Yes!!! I'm 1,000,000% 'recovered'. Although, you shouldn't look at it like 'recovery'. DP is simply a protective mechanism plain and simple. It's not an ailment, or something that should be categorized as one. It's like a scab for your mind. Don't pick at it and it will slowly fade. Pick at it and it will bleed and get worse. Too easy! Albert that's awesome! The same thing pretty much happened for me. Don't pay it any attention and it will dissapate naturally. That's all for now, I have a game to watch and finals to study for. Lol


----------



## SongBillong (Sep 20, 2011)

Hmmm. It's good to see something positive on here but these kind of posts are also a tad contradictory. You say "try to live a normal life" and to not think about it but that's the ability that DP/DR takes away from us. We can't act/think/see normally.

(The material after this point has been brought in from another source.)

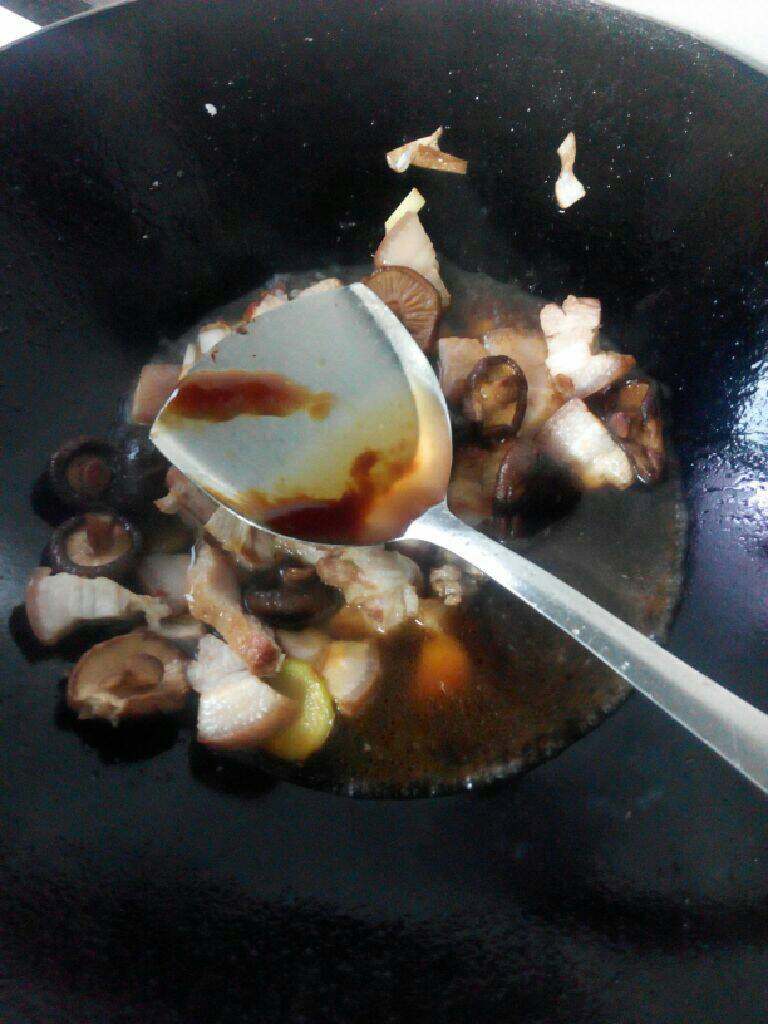 香菇焖五花肉,加入水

I've said this kind of thing before but it'd be like telling someone with severe hayfever to 'try to stop sneezing'. That's the whole point, they can't.


----------



## Willynale (Feb 26, 2013)

I think what mean is "fake it till you make it" in a way.


----------



## DP boy (Mar 20, 2012)

ahhh yess


----------



## blackkey1 (May 6, 2013)

Fake it til you make it is precise. It takes will power but y'all can do it. It's amazing how lazy people are. I think some people are desperately looking for an easy way out, and will waste their lives searching for something that they will never find. It takes time. You CAN. Many people have been through this and end up just fine after they finally listen to advice. Live your lives people, you only have one. I guarantee most of you are way better off then many others who wish that they could trade places with you. There are many people who wish they could spend there lives in a nice safe place drowning in their fucking sorrows on the Internet. Instead they are wondering if they will be able to eat that day. Or if they will be able to keep a roof over there head. Or if they will even make it through the day without dying. You are wasting your lives being here. I'm out.


----------



## DP boy (Mar 20, 2012)

so very

true


----------



## StayPositiveItsRio (Oct 19, 2012)

Did u feel brain dead and unknown to yourself like no sense of self and it felt as if you where mentally numb like literally brain dead?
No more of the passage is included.